# Given data:
'''

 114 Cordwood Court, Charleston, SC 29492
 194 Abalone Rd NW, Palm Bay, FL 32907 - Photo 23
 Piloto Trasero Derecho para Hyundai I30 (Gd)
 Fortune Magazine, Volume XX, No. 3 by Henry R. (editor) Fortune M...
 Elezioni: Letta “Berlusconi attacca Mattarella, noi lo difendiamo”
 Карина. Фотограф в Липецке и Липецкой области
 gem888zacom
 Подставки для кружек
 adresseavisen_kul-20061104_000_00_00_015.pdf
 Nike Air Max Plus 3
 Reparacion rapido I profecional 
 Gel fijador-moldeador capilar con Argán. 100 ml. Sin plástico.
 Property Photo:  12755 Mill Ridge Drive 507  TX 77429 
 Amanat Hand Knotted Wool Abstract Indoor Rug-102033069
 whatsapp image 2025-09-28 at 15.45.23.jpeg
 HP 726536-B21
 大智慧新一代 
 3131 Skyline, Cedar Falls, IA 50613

'''

# Required action:
Your answer should consist of each line of the data above in which the word "Photo" occurs.

# Response box:
 194 Abalone Rd NW, Palm Bay, FL 32907 - Photo 23
 Property Photo:  12755 Mill Ridge Drive 507  TX 77429 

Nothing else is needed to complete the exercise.